What to work on: Your task is to retype, exactly and only, the lines from the one containing "This video will" to the final line of the entries, leaving out all pictures.

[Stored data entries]
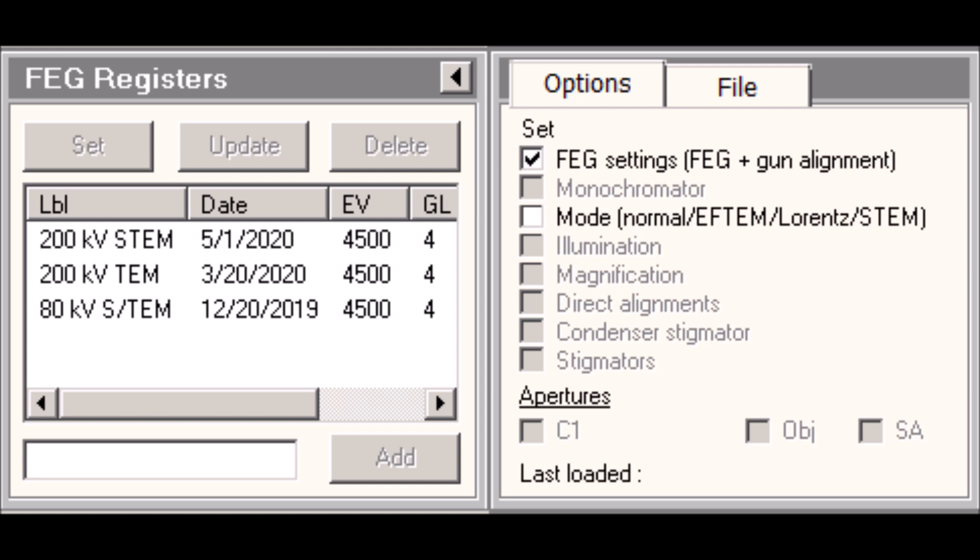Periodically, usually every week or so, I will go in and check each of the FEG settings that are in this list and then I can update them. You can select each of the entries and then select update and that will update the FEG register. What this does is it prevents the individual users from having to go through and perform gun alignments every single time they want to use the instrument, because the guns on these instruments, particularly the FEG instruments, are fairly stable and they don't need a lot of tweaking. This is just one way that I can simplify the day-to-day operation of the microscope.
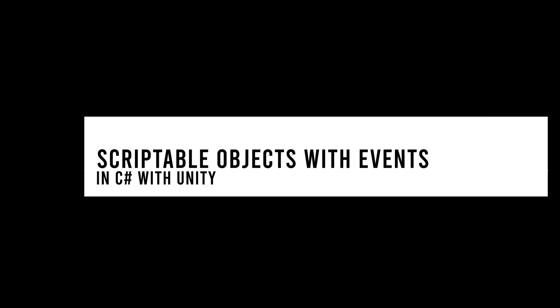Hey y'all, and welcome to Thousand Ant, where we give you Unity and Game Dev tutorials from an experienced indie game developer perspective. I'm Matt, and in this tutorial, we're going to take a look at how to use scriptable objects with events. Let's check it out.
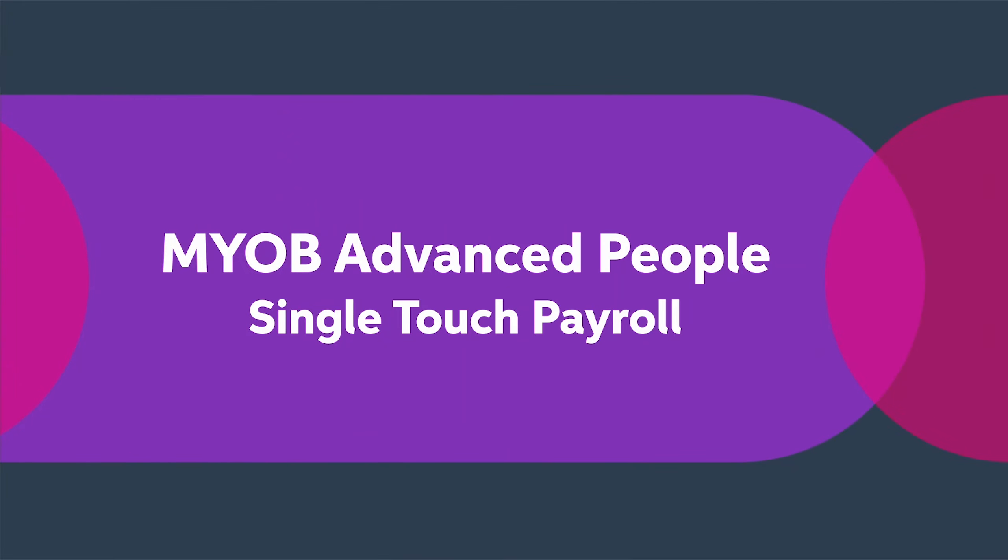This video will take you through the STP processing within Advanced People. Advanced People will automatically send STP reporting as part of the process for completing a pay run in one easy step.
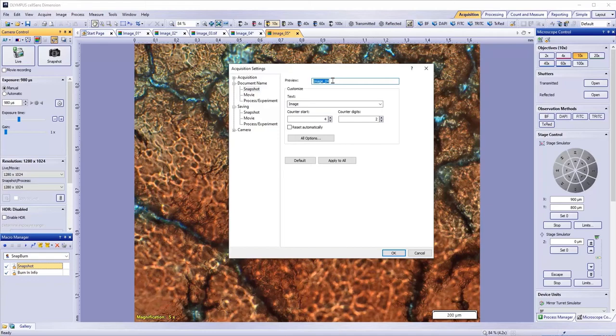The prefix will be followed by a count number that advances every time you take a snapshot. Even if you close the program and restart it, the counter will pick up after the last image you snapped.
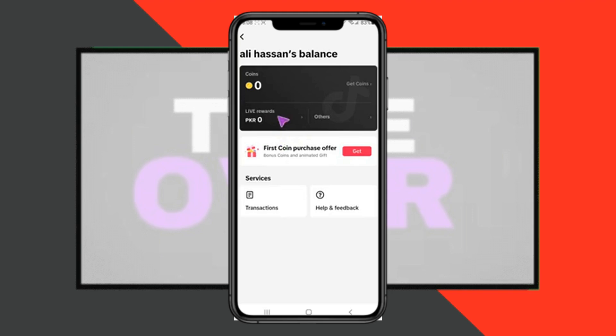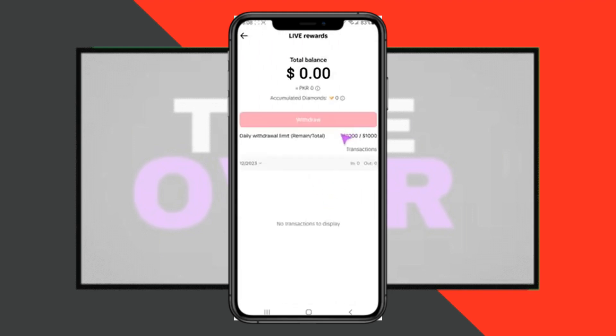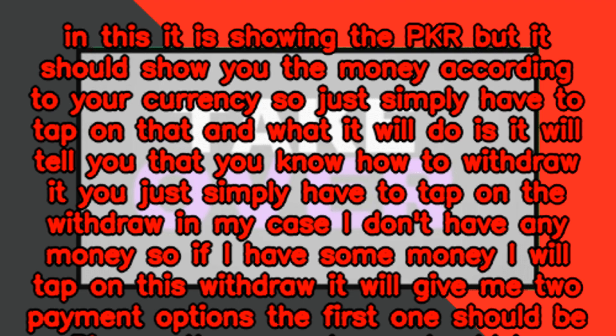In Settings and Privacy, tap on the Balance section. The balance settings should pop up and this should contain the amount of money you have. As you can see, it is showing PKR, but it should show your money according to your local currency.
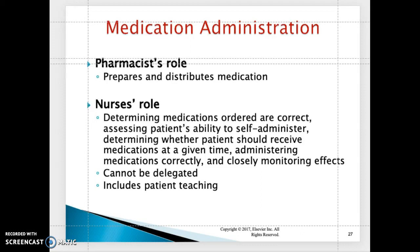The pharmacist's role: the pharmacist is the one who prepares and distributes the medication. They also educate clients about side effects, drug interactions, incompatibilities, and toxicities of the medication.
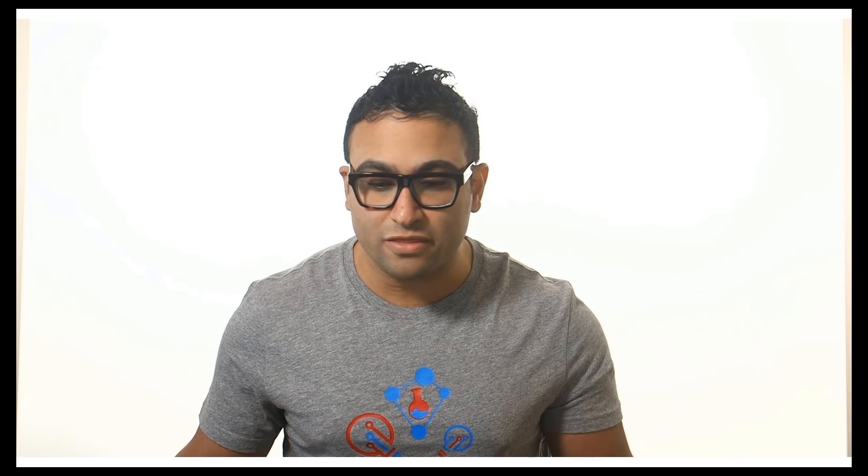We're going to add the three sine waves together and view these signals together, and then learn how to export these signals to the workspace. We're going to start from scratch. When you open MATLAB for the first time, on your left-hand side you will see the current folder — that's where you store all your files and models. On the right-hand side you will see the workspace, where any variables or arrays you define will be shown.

Task result:
This video will take you through the STP processing within Advanced People. Advanced People will automatically send STP reporting as part of the process for completing a pay run in one easy step.
The prefix will be followed by a count number that advances every time you take a snapshot. Even if you close the program and restart it, the counter will pick up after the last image you snapped.
In Settings and Privacy, tap on the Balance section. The balance settings should pop up and this should contain the amount of money you have. As you can see, it is showing PKR, but it should show your money according to your local currency.
The pharmacist's role: the pharmacist is the one who prepares and distributes the medication. They also educate clients about side effects, drug interactions, incompatibilities, and toxicities of the medication.
We're going to add the three sine waves together and view these signals together, and then learn how to export these signals to the workspace. We're going to start from scratch. When you open MATLAB for the first time, on your left-hand side you will see the current folder — that's where you store all your files and models. On the right-hand side you will see the workspace, where any variables or arrays you define will be shown.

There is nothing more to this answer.